Garota: - Talvez deva.
Rapaz:  - Não quero que me deva.

[Rapaz sai andando na chuva. Garota vai até o limite entre a proteção do teto e a chuva. A câmera filma de trás de seus pés, no seco, em direção ao rapaz andando.]

Garota: - Onde você vai?

Rapaz:  - Não sei. Vou embora.
Garota: - Pra onde?
Rapaz:  - Pra longe.
Garota: - Por quê?

[A voz dela cada vez mais baixa. A câmera vai seguindo os passos de rapaz e vai mantendo a enxurrada em quadro. Após um tempo, ouve-se passos corridos, cada vez mais altos e próximos.]

Garota: - Pera!
Rapaz:  - Que foi?
Garota: - Por que você tá bravo?
Rapaz:  - Não tô bravo.
Garota  - Tá sim!
Rapaz:  - Tá. Já leu "O Pequeno Príncipe"?
Garota: - Sim.. mais ou menos, não lembro.
Rapaz:  - Eu sou a raposa. Lembra da raposa? Não quero ficar dependente de você.

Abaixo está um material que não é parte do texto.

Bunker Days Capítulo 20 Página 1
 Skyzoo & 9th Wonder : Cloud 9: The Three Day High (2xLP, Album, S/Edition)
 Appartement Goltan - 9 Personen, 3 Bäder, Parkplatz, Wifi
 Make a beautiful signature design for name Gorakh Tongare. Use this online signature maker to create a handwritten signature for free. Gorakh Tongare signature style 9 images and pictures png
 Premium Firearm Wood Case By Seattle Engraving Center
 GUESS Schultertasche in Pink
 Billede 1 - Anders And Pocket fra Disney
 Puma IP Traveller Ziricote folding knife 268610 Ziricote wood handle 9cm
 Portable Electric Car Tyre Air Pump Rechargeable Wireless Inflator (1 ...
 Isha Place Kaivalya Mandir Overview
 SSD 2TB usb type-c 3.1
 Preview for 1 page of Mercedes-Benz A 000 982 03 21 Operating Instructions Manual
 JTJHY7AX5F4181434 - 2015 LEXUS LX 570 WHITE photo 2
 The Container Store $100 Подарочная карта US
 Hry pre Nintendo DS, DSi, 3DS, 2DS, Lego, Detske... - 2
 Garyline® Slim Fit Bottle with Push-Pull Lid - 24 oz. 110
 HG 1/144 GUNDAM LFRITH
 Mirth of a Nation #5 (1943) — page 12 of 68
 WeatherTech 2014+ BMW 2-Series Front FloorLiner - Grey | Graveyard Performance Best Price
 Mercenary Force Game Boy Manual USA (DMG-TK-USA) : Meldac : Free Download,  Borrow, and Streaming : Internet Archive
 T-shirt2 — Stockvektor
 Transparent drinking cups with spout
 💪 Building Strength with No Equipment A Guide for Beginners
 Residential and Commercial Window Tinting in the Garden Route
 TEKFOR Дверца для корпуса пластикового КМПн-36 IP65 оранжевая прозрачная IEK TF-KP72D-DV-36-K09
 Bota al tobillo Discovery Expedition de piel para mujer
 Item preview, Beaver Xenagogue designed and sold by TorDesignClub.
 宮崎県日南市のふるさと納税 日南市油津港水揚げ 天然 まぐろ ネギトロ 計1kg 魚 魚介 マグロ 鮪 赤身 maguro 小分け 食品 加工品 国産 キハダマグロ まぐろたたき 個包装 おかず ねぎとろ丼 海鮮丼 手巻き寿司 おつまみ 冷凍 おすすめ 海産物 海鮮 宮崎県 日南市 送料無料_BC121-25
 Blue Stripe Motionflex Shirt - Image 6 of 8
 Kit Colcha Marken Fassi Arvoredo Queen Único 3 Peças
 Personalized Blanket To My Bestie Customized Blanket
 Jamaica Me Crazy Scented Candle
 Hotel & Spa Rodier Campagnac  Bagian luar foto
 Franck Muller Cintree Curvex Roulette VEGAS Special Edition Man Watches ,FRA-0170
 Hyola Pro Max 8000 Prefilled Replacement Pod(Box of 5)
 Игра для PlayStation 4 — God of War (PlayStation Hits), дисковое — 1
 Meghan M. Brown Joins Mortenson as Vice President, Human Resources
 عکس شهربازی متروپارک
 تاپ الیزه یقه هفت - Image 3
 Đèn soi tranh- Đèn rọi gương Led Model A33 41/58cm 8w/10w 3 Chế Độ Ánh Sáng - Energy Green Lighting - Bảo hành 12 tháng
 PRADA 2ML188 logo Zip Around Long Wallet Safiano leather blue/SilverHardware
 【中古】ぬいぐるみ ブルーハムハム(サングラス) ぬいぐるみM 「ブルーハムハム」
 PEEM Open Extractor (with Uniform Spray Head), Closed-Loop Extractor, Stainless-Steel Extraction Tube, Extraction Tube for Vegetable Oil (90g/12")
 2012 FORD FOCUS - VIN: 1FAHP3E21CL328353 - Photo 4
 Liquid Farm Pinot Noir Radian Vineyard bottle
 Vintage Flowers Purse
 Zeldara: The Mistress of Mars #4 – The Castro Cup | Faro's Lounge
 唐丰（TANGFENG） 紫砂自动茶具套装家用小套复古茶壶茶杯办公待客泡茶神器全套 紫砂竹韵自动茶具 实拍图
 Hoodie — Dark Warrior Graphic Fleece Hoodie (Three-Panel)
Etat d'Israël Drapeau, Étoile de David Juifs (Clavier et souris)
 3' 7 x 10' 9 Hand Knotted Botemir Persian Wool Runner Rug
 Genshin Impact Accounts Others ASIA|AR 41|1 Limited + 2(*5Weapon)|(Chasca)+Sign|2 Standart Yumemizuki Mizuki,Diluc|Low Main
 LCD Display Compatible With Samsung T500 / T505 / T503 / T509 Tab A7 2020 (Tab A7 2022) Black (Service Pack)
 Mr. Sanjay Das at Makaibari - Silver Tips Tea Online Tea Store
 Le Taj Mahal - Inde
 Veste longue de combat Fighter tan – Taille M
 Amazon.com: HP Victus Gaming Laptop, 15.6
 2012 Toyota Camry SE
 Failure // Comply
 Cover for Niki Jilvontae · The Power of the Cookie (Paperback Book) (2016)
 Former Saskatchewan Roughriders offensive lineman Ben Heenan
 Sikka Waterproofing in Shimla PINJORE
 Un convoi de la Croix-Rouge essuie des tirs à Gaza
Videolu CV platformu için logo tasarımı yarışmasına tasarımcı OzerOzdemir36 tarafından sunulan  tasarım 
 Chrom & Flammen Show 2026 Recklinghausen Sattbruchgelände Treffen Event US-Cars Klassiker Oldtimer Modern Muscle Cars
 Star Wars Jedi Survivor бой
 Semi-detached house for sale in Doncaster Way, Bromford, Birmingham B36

[O casal pára num abrigo de telefone público, daqueles duplos. Um em cada abrigo.]

Garota: - Vai ligar pra quem?
Rapaz:  - Só tô fugindo da chuva.
Garota: - Liga pra mim!
Rapaz:  - Pra quê? Você está aqui.
Garota: - Não agora, depois.
Rapaz:  - Eu não costumo fazer isso, mas, não sei se percebeu, estou fugindo de você. Por que eu ligaria se estou querendo fugir?
Garota: - Não costuma fugir?
Rapaz:  - Não. Não costumo ser tão sincero com desconhecidos.
Garota: - Liga pra mim? Por favor.
Rapaz:  - Por quê?
Garota: - Por que você me cativou.
Rapaz:  - Azar o seu.

[Rapaz tenta ir embora quando a garota o puxa para o abrigo dela. Eles quase se beijam.]

Garota: - Fica?

[Rapaz se afasta.]

Rapaz:  - "Fica, liga, fuma". Você fala demais.
Garota: - E você, de menos!
Rapaz:  - Problema meu, com licença.

[Rapaz se desvencilha e saí andando. Acenando com a cabeça marcando passo. Olha para trás constantemente, de certa forma implorando para que ela o siga de novo, mas ninguém segue. Virando esquina após esquina, Rapaz pára de novo, no mesmo teto. No chão, estão os pedaços de um Pasquim. Rapaz pega e começa a vasculhar. Imagina um recado para ele, o telefone dela escrito, um cartão de visita, um classificado circulado, um jogo de palavras cruzadas preenchido. Mas não há nada. Nem o impresso original do jornal pode ser entendido.]

Garota: - Te achei! Voltei pra pegar meu jornal.
Rapaz:  - Hm...

[Rapaz, de novo, acena]

Rapaz:  - Toma.

[Rapaz entrega o jornal para a Garota, que não pega.]

Garota: - Você queria o que com ele?
Rapaz:  - Proteção.

[Rapaz imagina "proteção contra o mundo, algo que só alguém como você pode me dar"]

Rapaz:  - Proteção contra essa chuva.
Garota: - Eu divido com você se quiser.
Rapaz:  - Não, não quero.
Garota: - Não seja chato! Vamos logo! Eu moro logo ali, vem!
Rapaz:  - Não vou. Você nem sabe se eu sou um tarado!
Garota: - Se fosse, aí você arregalaria os olhos e diria "Sua casa? Vamos!"
Rapaz:  - Então...

[Rapaz arregala os olhos.]

Rapaz:  - Vamos?
Garota: - Vamos!
Rapaz:  - Não porra! Não vou!
Garota: - Tá. Então fica aí na chuva.
Rapaz:  - Hm...
Garota: - Ah, que saber? Devolve meu Pasquim, tô cheia do seu vazio!

[Rapaz devolve o Pasquim dela. A câmera dá zoom out e mostra a mesma cena do início. A câmera desce até a enxurrada e vai seguindo até alguma boca de lobo, onde a tela fica preta e sobem os créditos.]